J’avais essayé de trouver le musée de la calligraphie, au sud du village, près de la rivière Jeonjucheon. Maps.me m’indiquait à priori le bon emplacement mais impossible à trouver l’entrée… J’avais aussi visité un temple (ce n’était pas le Gyeonggijeon, je crois que c’était Jeonju Hyaanggyo, une école confucéenne mais je n’en suis pas sûr) avec un parc assez joli. Il y avait un genre de marathon de mariage à ce moment là : des couples faisant la queue devant une espèce d’autel où un représentant religieux (je ne sais pas comment ils se nomment) les mariait. En début d’après midi, il y avait eu un spectacle assez insolite : une fanfare de 30 à 40 musiciens en costume qui ont défilé dans la rue principale jusqu’à l’entrée du Gyeonggijeon. Ils s’y sont arrêtés tandis qu’un jongleur faisait plusieurs numéros avec des lancers d’assiettes. Puis ils sont repartis en sens inverse. Il y avait aussi un genre de bouffon du roi : habillé et maquillé en femme, il faisait un peu sa vie au milieu des musiciens.

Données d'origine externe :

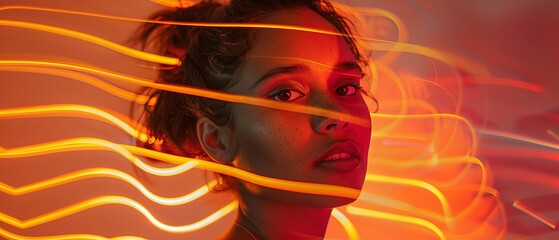 Canvas Print - Artistic portrait with neon lights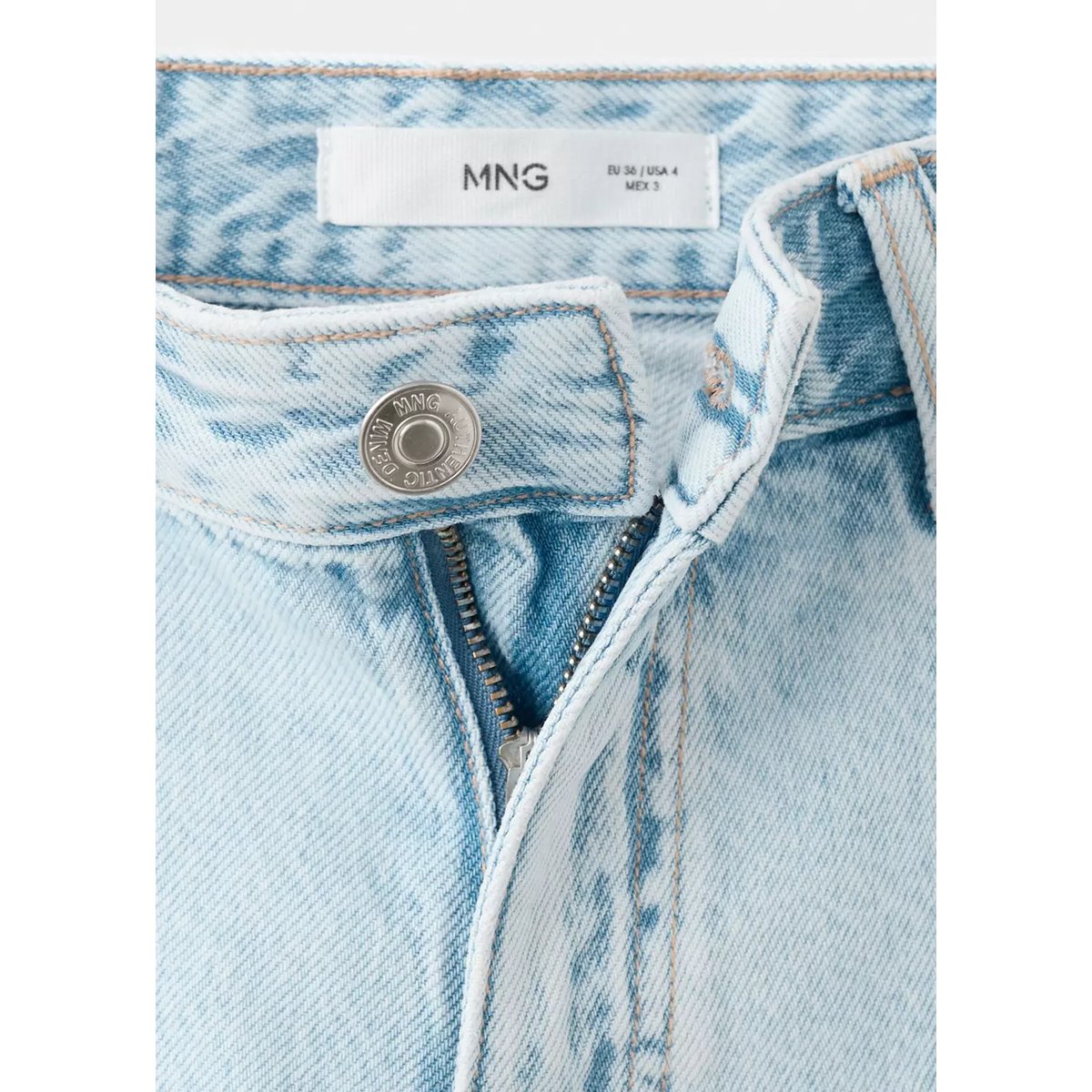 Short détail effiloché bleu clair, MANGO TEEN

J’ai fait un tour aussi sur la colline Omokdae, petit promontoire qui  donnait une vue surplombant les hanoks. Toute petite avec un pavillon à son sommet, elle ne présentait pas un très gros intérêt pour moi.

 

La porte Pungnammun

C’était la seule porte restante des 4 originales construite avant la dynastie Jeoson. Elle a été restaurée en 1978. Pas grand chose à dire dessus, elle était au milieu d’un rond point et ne se visitait pas.

 

Je m’étais aussi baladé en dehors du village, principalement dans le quartier Taepyeong où était mon auberge de jeunesse. J’avais trouvé une rue commerçante qui m’intéressait pour le coup. J’avais des cartes postales à envoyer et je cherchais des enveloppes. Impossible à trouver. J’allais dans des papeteries, je demandais aux vendeurs/vendeuses qui m’indiquaient gentiment d’autres magasins où je pourrais peut être en trouver mais rien à faire. J’ai fini par me rabattre sur des enveloppes format A4 que j’ai coupé en deux et scotché. Normalement, je n’avais pas prévu de te parler de cartes postales mais là, c’est l’exception. Dans les autres pays, je n’avais pas eu trop de difficultés. Je devais faire parfois plusieurs magasins mais j’arrivais par en trouver. En Corée, ce fut terrible : je ne trouvais rien. Même pas des basiques bien cliché avec marqué “I <3 Korea”. J’en avais enfin trouvé dans une boutique dans le village mais ce fut les seules. Avec tous les moyens de communications existants et les réseaux sociaux, j’imagine que les cartes postales n’étaient plus utilisées et donc que les boutiques ne les proposaient plus, faute de clients. Je trouvais ça un peu triste. Une carte postale est plus personnelle et plus vivante qu’un simple post sur Instagram ou Facebook. A l’époque de l’information immédiate et du tout numérique, on a perdu cette patience qui rend les choses plus plaisantes. Bref, ce n’est pas le propos. Je te parle de ces cartes postales car elles me vaudront une petite anecdote avec la poste locale plus tard… Il me fallait aussi de la colle forte, j’avais une attache au poignet de ma veste qui s’était cassée. Ce fut plus facile à trouver. De manière générale, mon matériel commençait à fatiguer : le câble usb pour mon téléphone n’était plus aussi stable qu’avant (ce qui causait quelques soucis dans les transferts de photos), ma sacoche commençait à avoir quelques trous à cause des frottements, mon casque était quasiment HS (j’en avais déjà parlé à Gyeonju) et mes habits commençaient aussi à montrer quelques signes d’usures. Quant à moi, je commençais aussi à accuser le coup. Moins de gniak et une lassitude de plus en plus présente.

 

Après une 2ème nuit, je suis reparti le lendemain matin, en bus, en direction de Mokpo, petite ville à l’extrême sud ouest de la Corée. La carte Rail + n’était pas acceptée et j’ai du payer en espèce.